Place in the Industry
Vena Jones-Cox has been investing in residential real estate in the greater Cincinnati area full-time since 1989, and she’s completed over 600 deals in the process. “I consider myself a generalist,” she said. “Everything I do is around single family residences and smaller multifamily properties, but I let the deal tell me what to do with it. I do a lot of wholesaling. I buy and hold rentals. I do lease-options and land contracts. I do a lot of creative deals and I use my IRA to buy and sell properties, all in the Ohio, Kentucky, and Indiana areas.”

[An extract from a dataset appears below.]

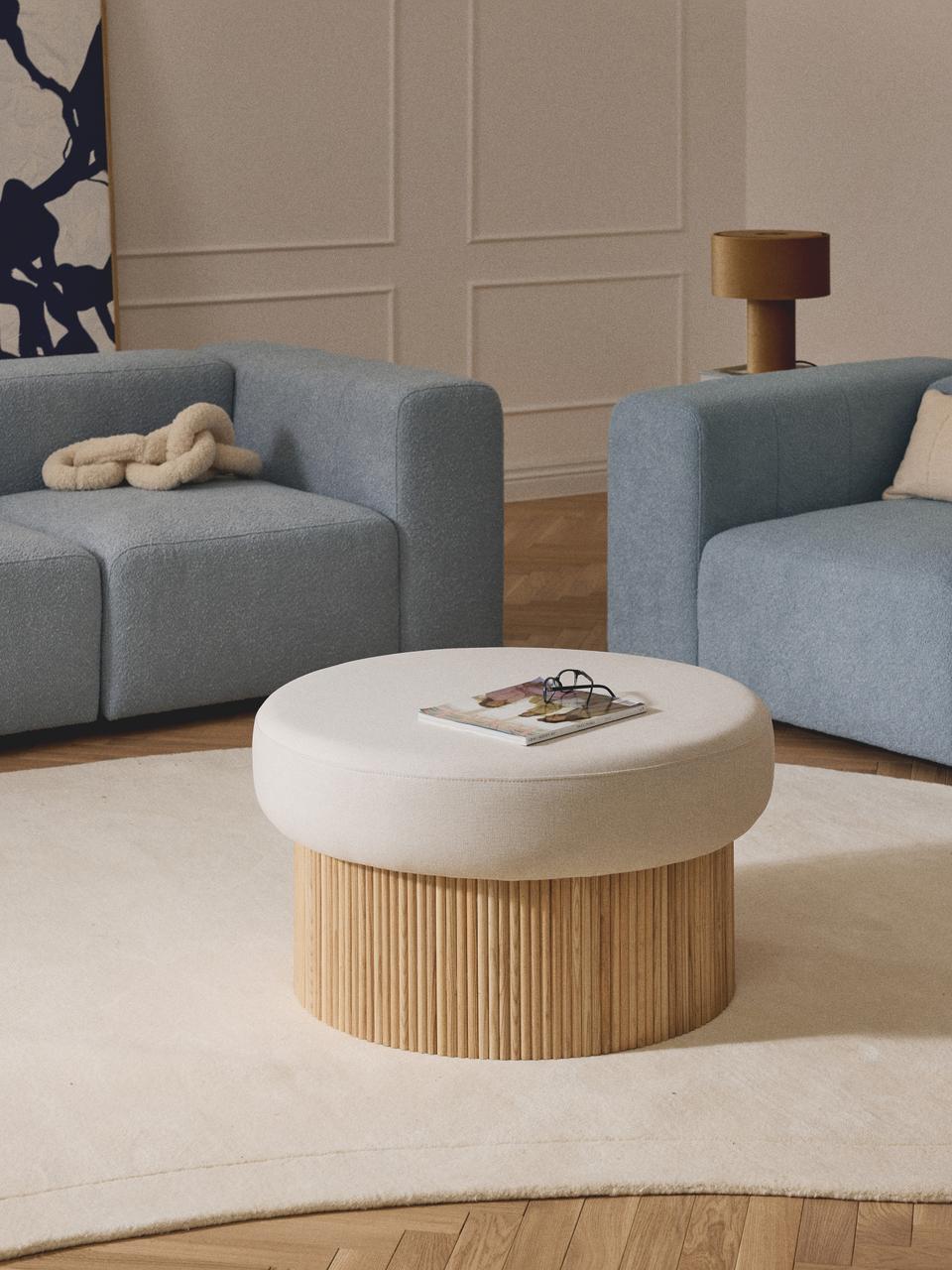 Round ottoman with wooden base and white cushion in a living room setting.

Jones-Cox is not just an active investor, however. She has spent huge amounts of time in the educational sector of the industry as well. “I understand the challenges of being a new investor very well,” she explained, adding that this understanding comes largely from volunteer work at local real estate investor associations in the area. “Watching people come in and have all these hopes and inspirations, then a year later seeing they had either bought a deal or they were gone [led me to] try to figure out why the ones that were gone, were gone, and why the ones that had managed to buy something had bought something,” she said. “New investors just need help. They need questions answered, they need somebody to meet them where they are and give them a leg up.” Jones-Cox has spent decades providing that leg up through mentoring, coaching, and teaching, all while remaining avidly active in the real estate investing business as well.

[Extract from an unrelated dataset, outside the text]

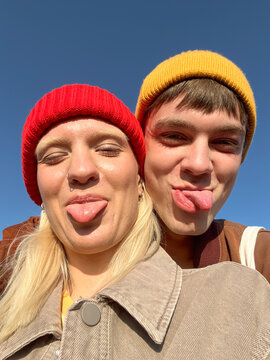 Friends Making Silly Faces Outdoors Under a Clear Blue Sky UGC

Key to Success in the Industry
“Becoming successful in the real estate business is imperceptible. You take a step up and it seems like a minor step, but when you look back over the course of 10 years you’ve taken a lot of those steps and passed some very major milestones without even noticing.”
“I have two proudest moments. The moments that make me proudest are typically when a student succeeds. I can see their upward motion better than they can, and it’s when one of them finally is able to quit their job or do something else big that I can say, ‘There you go, all that work was worth it.’
“The other thing that comes to mind is when I was invited to speak at the Cato Institute [a Washington D.C. think tank] maybe 10 years ago about the negative effects of impending legislation on housing.”
A Word for Women in Real Estate
“I think a lot of women don’t realize that they have certain advantages in this business that are inherent to their gender. They need to recognize and use that, specifically in negotiation. A lot of women seem to be afraid of negotiation because they don’t want to be perceived as playing hardball, using a ‘my-way-or-the-highway,’ beat-the-other-guy down, kind of approach. But the reality is that most sellers, in particular, would rather talk to a woman. I’ve done the marketing tests with mailers and the same exact mailer with a woman’s name on it instead of a man’s will pull 50% more calls.
“Women have that advantage with sellers, with tenants, and even with contractors, as long as you know what you’re talking about. The softer touch that women tend to have goes a long way in working with people. Don’t try to imitate the guys. Know what they know, but do [real estate] the way you do it.”
What’s Ahead in 2017
“The thing I’m most excited about in 2017 is that we are reviving the Wild Wonderful Women of Real Estate Conference. The first event will be in April in Columbus, Ohio, and we’ve already got a number of long-term, successful, known-quantity ladies signed up to speak in completely different arenas.”